When suppliers automate some indirect labor activities, they can redeploy workers into roles that humans can best perform.

Miller Fab

Demand for heavy equipment is strong in transportation, construction, industrial and other industries. Yet, labor constraints make it difficult for original equipment manufacturers (OEMs) to take full advantage of market opportunities. OEMs typically have complex supply chains and numerous suppliers, all of whom are struggling to meet customer delivery schedules, due in large part to the ongoing worker shortage.

And, while suppliers can’t control the quality and size of the labor pool, they can more effectively utilize the workforce they already have in place by amping up their use of material handling automation. Supplier-partner investments in material handling automation can help OEM customers meet forecasts in spite of labor gaps.

Besides positively affecting safety, quality, productivity and costs – all benefits to OEM customers – automation creates efficiencies that diminish worker shortage impacts. Specifically, material handling automation can:

  • Improve production capacity and on-time delivery predictability.
  • Add greater predictability to workflows, giving suppliers the ability to more accurately plan what they can produce. That improves on-time delivery by removing many of the unknowns that can negatively impact capacity.
  • Reduce the effects of a tight and volatile labor market.

Material handling tasks generally are well-suited for automation because they don’t necessarily require complex skills. When suppliers automate some of these indirect labor activities, they can redeploy workers into roles that humans can best perform. Filling skilled positions responsible for direct labor tasks with existing personnel and leaving some less-skilled work to machines relieves workforce shortage pressures.

Material handling automation helps suppliers operate and manage labor more efficiently, so they can produce higher-quality parts at lower costs. Those savings are unlocked through the reduction of indirect labor needs, or lower overhead, and fewer ineffective parts. Less rework also results in less scrap, further decreasing costs.

Contributing to a Safer Work Environment

Automation effectively reduces material-handling accidents in a supplier’s facility.

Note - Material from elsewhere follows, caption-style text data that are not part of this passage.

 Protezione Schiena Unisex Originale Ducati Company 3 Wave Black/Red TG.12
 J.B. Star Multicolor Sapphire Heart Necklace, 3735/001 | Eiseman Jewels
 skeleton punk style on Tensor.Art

Keeping people safer at work is a priority for the good of workers themselves, and it contributes to lower overall operating costs. Fewer safety incidents also mean more people on the job they were hired to do, which positively affects supplier performance and productivity. 

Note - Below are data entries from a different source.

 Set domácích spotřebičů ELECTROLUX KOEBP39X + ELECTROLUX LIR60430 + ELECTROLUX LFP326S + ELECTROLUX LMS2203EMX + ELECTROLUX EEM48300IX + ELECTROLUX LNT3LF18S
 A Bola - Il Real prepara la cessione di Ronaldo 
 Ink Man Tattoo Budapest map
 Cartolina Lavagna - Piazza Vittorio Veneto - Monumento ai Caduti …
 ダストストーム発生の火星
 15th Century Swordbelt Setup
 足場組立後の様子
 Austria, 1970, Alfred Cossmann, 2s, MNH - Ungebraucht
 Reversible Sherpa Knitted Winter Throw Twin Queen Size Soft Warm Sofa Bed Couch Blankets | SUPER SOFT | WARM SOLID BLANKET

While machines aren’t perfect, they are consistent. Implementing greater material handling automation allows suppliers to more predictably anticipate defects and, as a result, better plan for, understand and correct them. Human errors are more frequent and may create issues that are more difficult to control. A supplier’s quality and engineering professionals can more easily address machine-made defects than they can man-made ones. 

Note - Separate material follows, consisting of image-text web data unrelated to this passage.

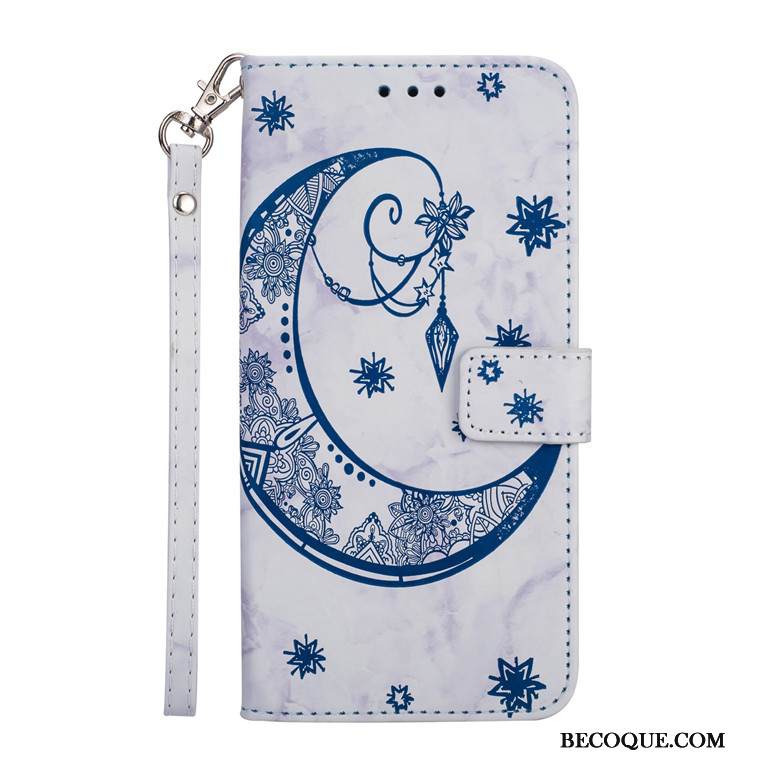 Kuori Samsung Galaxy S10+ Kuoret Murtumaton Sininen, Kotelo Samsung Galaxy S10+ Nahka Kuukausi Puhelimen Kuoret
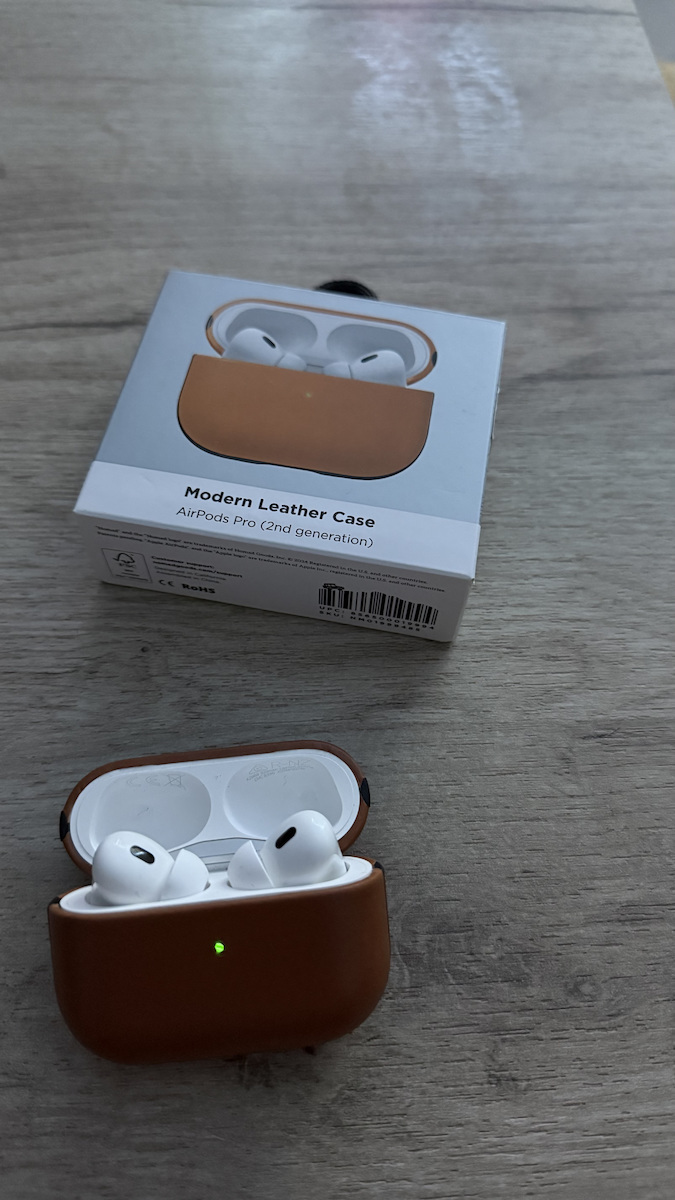 Nomad Θήκη Δερμάτινη English Tan για Apple AirPods Pro 2
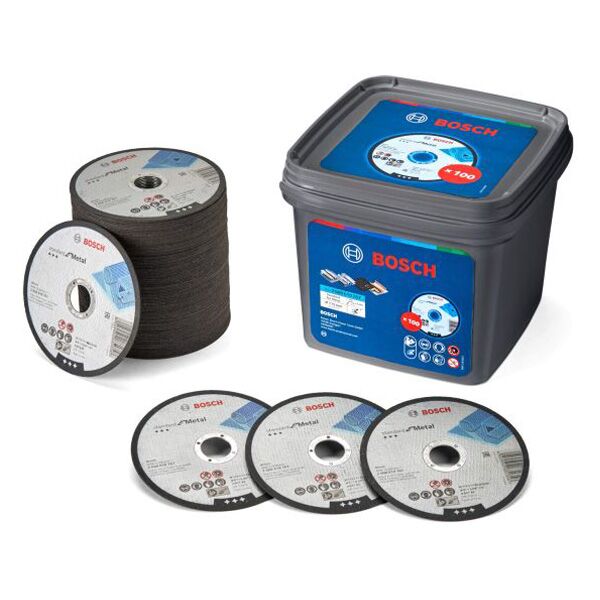 Bosch pakovanje 100kom reznih ploča, ravna 115x22,23x1mm (061599765H)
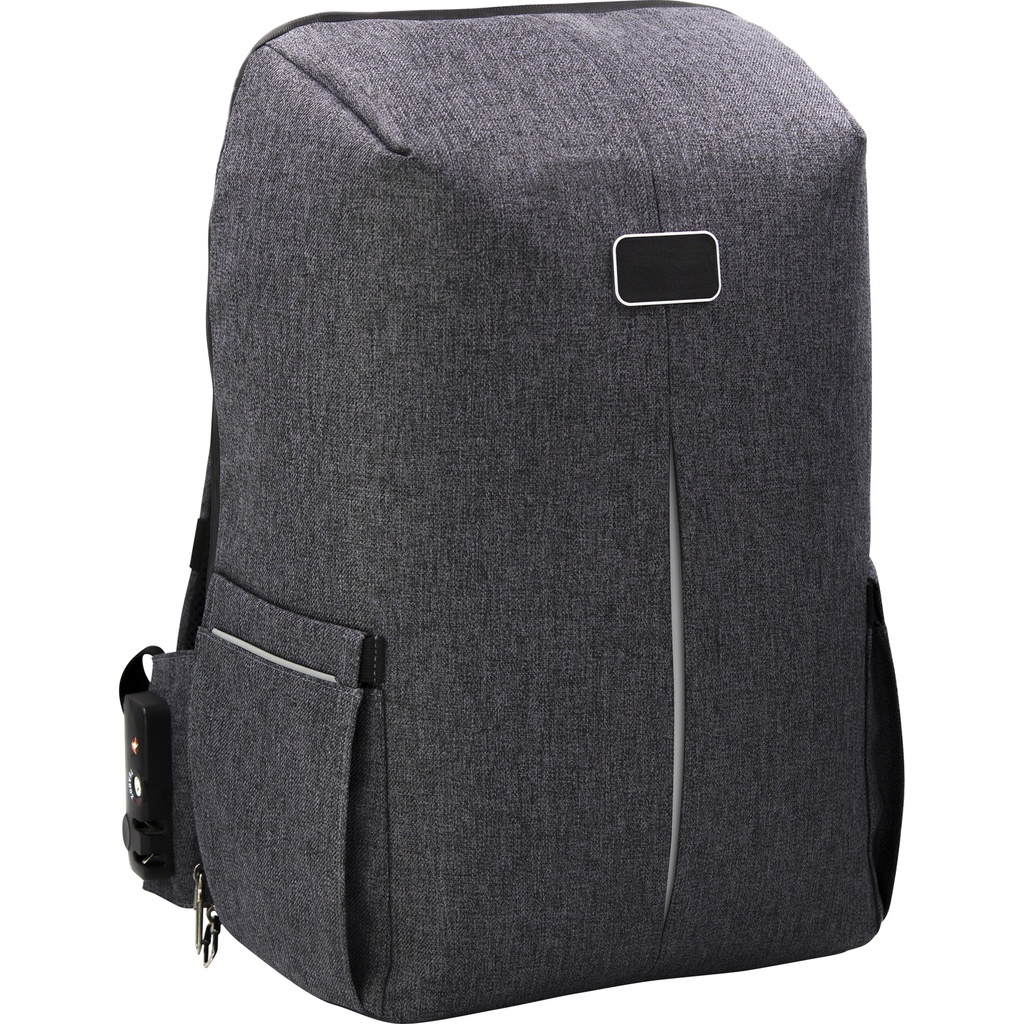 BrandCharger anti-theft RPET backpack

Supplier investments in material handling automation in and of itself won’t help OEMs overcome market challenges. Rather, supplier partners considering automation must strategically consider and select specific installations based on which will best serve OEM customers.               

Strategic automation decisions should be heavily weighted toward OEM needs, while also ensuring that investments increase productivity and effectively reduce recordable safety incidents, human-caused defects and indirect labor costs. These automation best practices will positively impact cost, quality and delivery for customers. 

To ensure their supplier partners are implementing material handling automation and other measures specifically designed to help them respond to end-customer demand, OEMs should ask:

  • How are you going to reduce costs, while improving quality and delivery performance, over time?
  • How are you addressing the labor shortage? Part of the answer should include automation, as the tight labor market is expected to continue into the foreseeable future.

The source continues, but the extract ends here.